## RECORDS SUPPLIED
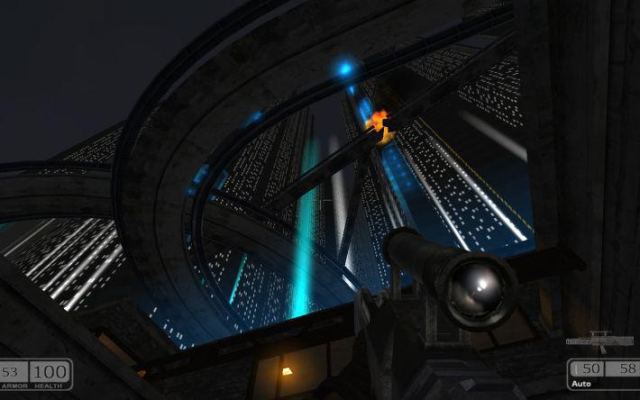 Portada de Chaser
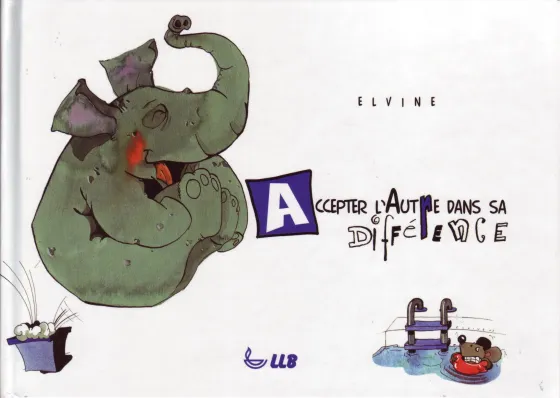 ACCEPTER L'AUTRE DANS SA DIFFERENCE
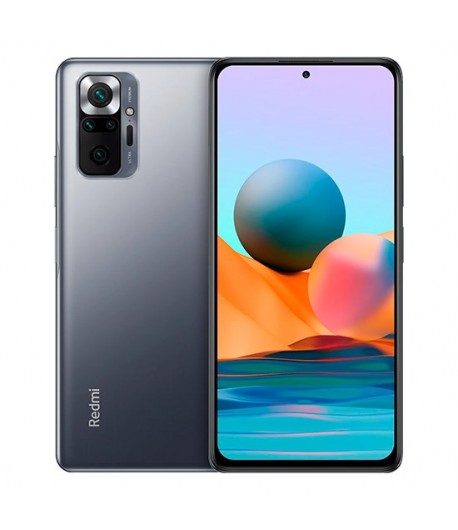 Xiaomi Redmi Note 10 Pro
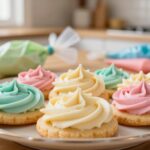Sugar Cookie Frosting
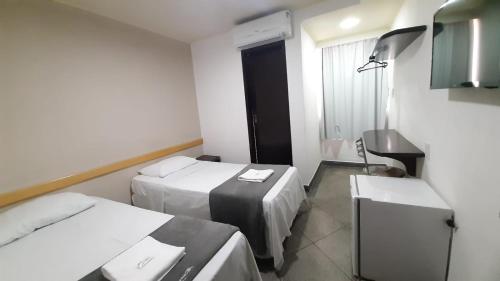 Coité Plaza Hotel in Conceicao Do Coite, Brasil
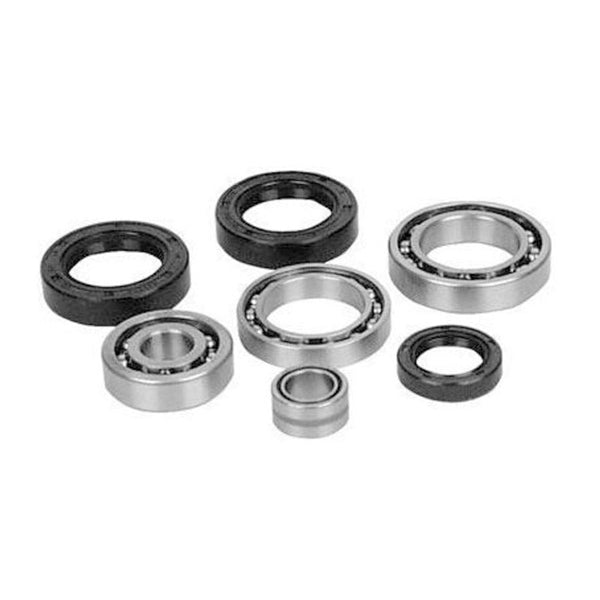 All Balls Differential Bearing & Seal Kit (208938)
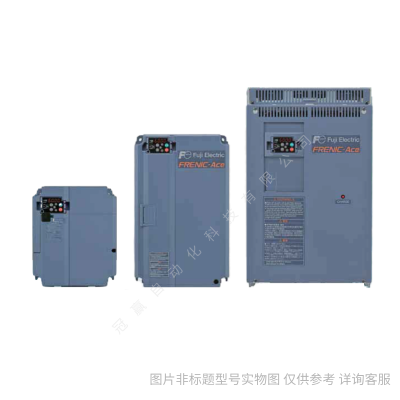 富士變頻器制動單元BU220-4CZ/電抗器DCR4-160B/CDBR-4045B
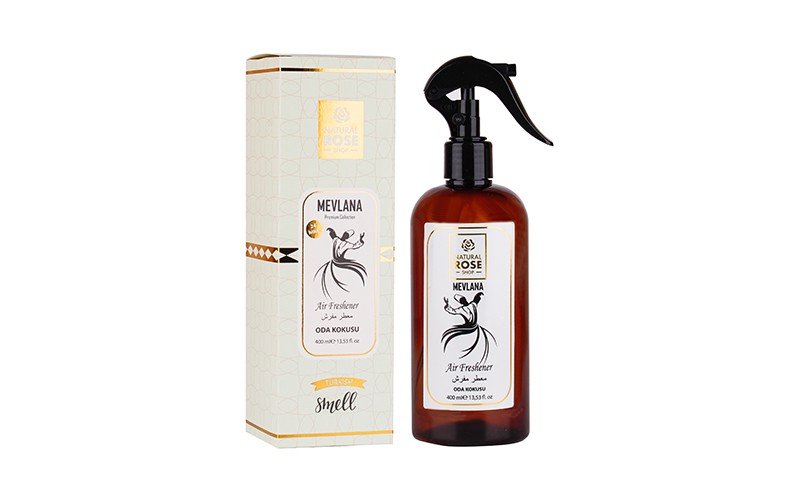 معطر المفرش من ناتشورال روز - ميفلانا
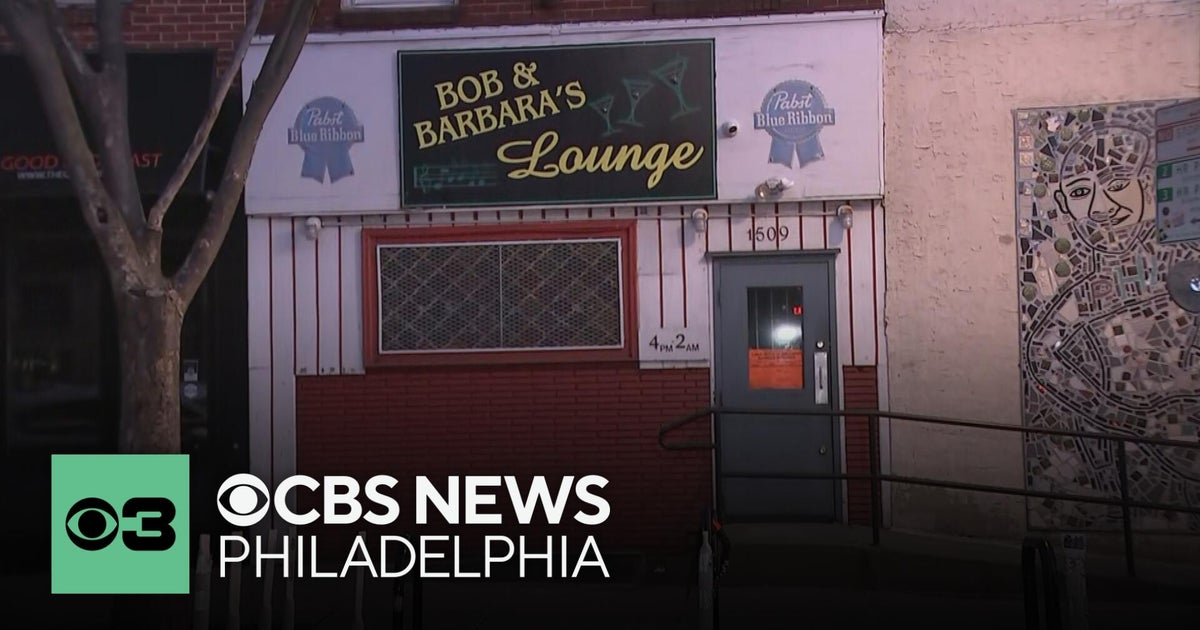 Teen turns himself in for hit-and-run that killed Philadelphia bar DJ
==
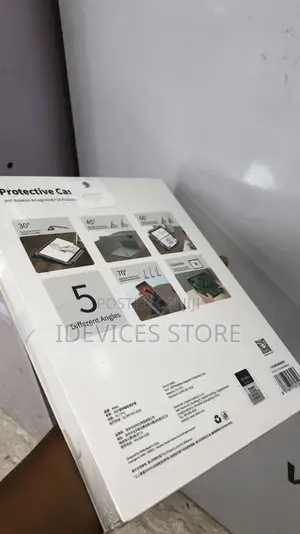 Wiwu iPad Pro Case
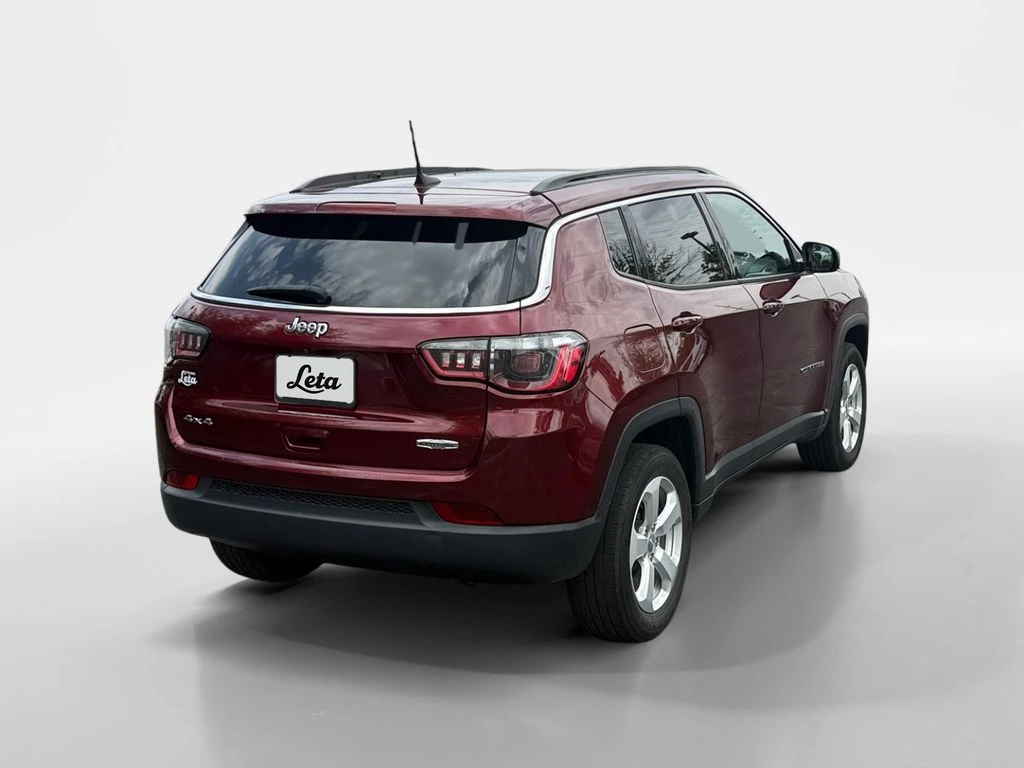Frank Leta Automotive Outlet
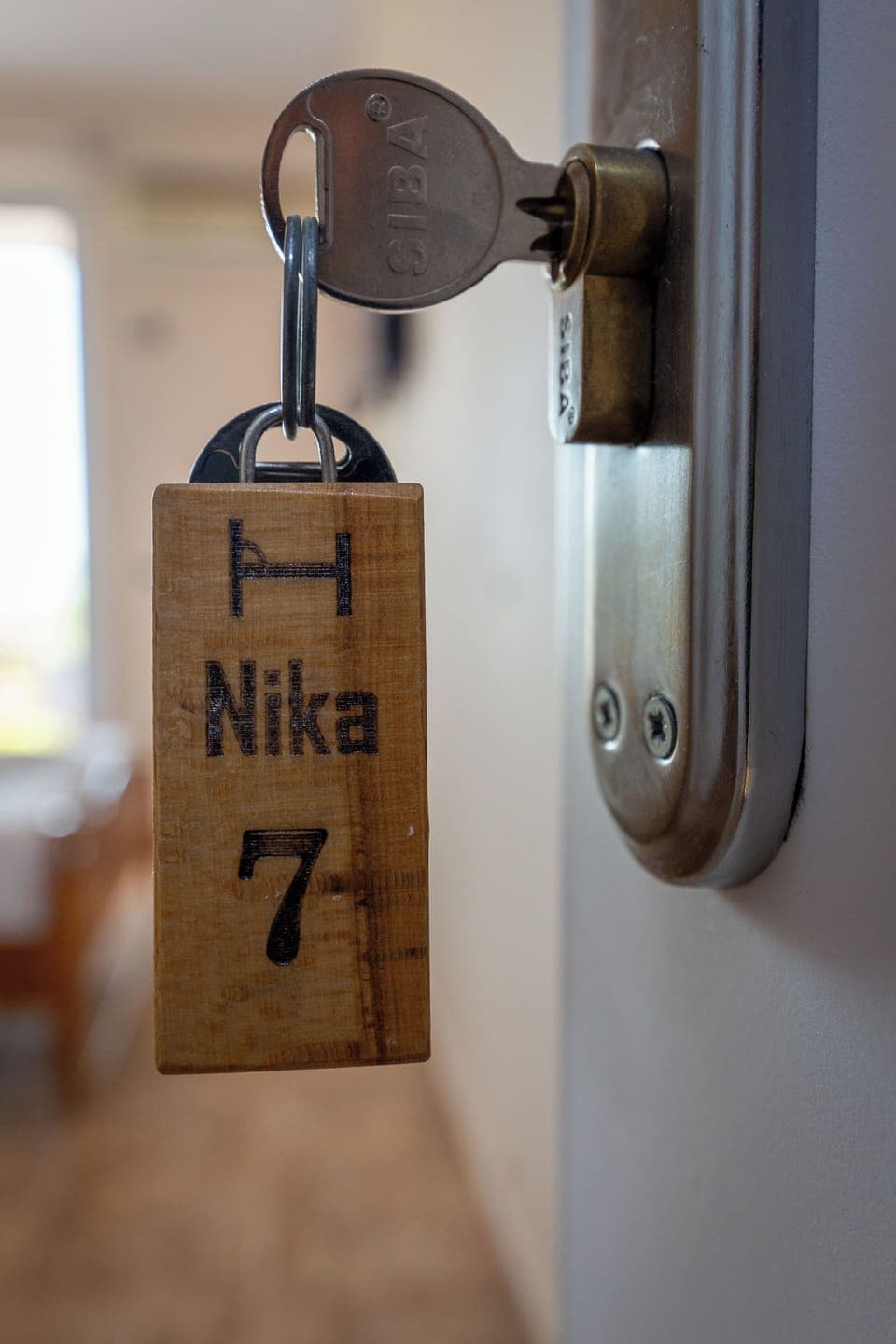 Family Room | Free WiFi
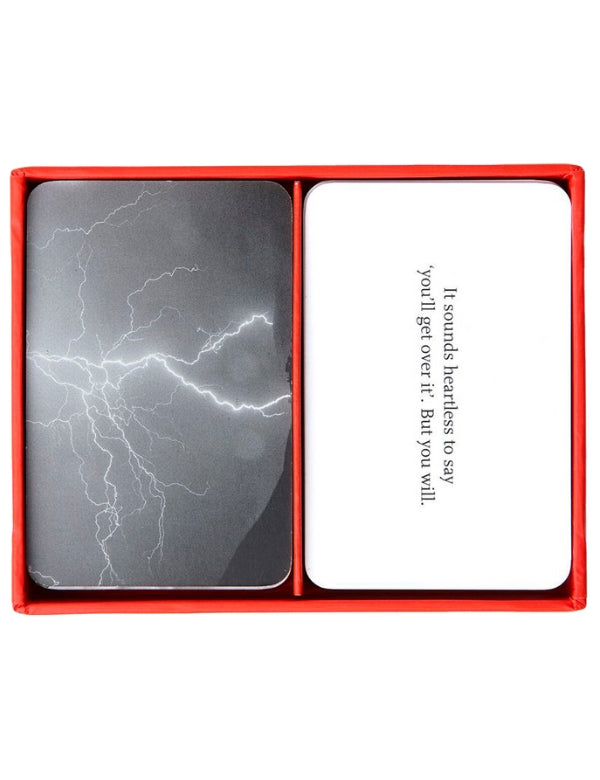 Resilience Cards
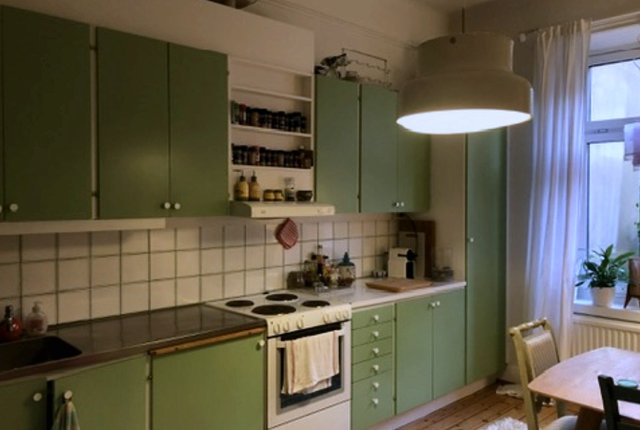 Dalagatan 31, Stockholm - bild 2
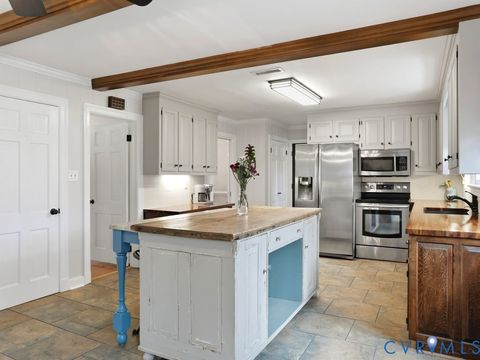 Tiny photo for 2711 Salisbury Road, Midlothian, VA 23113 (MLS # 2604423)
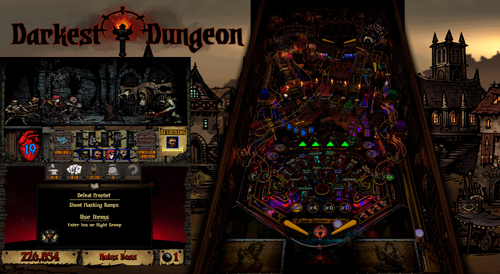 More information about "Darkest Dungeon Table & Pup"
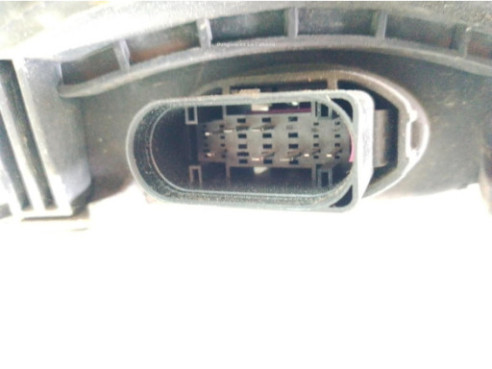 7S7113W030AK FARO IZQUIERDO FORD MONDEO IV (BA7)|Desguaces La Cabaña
--
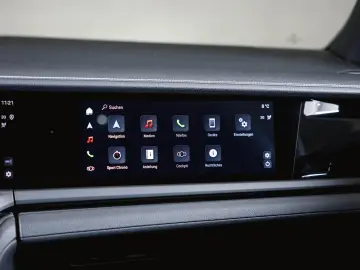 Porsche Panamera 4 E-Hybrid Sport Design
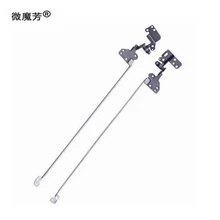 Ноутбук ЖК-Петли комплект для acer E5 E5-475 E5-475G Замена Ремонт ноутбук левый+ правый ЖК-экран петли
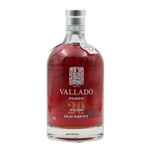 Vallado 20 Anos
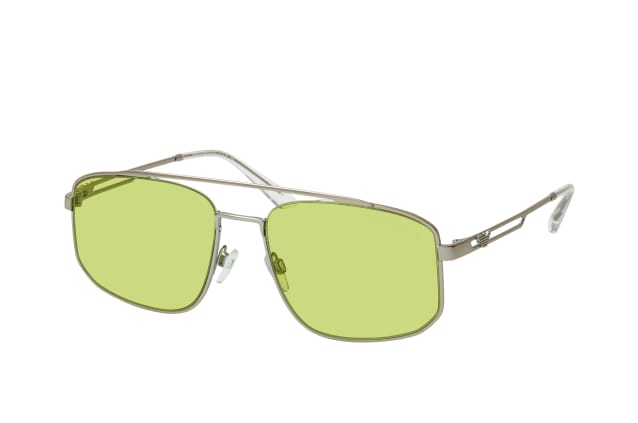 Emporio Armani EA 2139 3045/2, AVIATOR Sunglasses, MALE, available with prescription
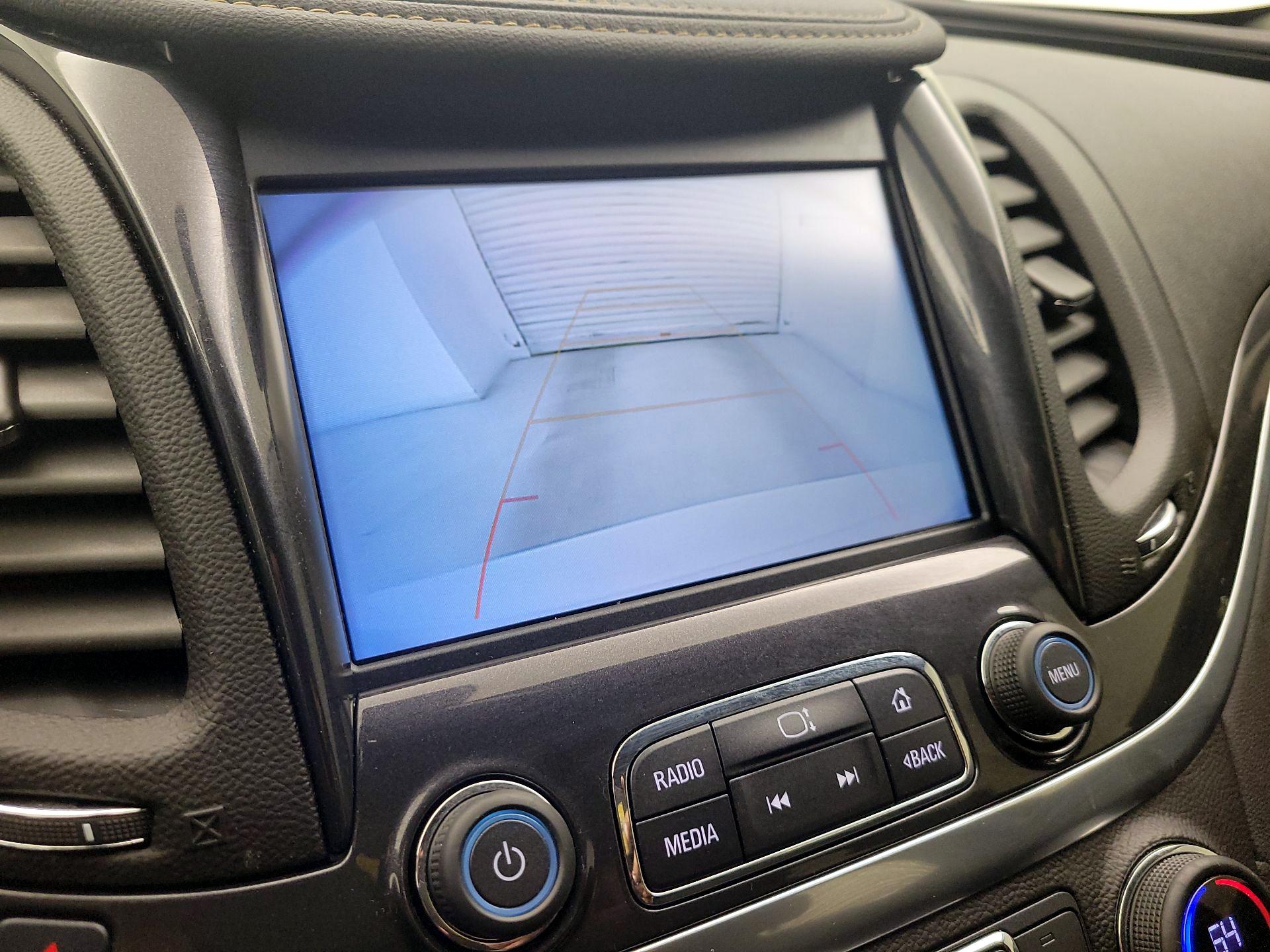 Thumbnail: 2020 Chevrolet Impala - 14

## EXERCISE GOAL
The stretch to restate runs from the line above containing "Xiaomi Redmi Note 10 Pro" through the line containing "Teen turns himself". Copy it word for word, ends included, without pictures.

## OUTPUT BELOW
 Xiaomi Redmi Note 10 Pro
Sugar Cookie Frosting
 Coité Plaza Hotel in Conceicao Do Coite, Brasil
 All Balls Differential Bearing & Seal Kit (208938)
 富士變頻器制動單元BU220-4CZ/電抗器DCR4-160B/CDBR-4045B
 معطر المفرش من ناتشورال روز - ميفلانا
 Teen turns himself in for hit-and-run that killed Philadelphia bar DJ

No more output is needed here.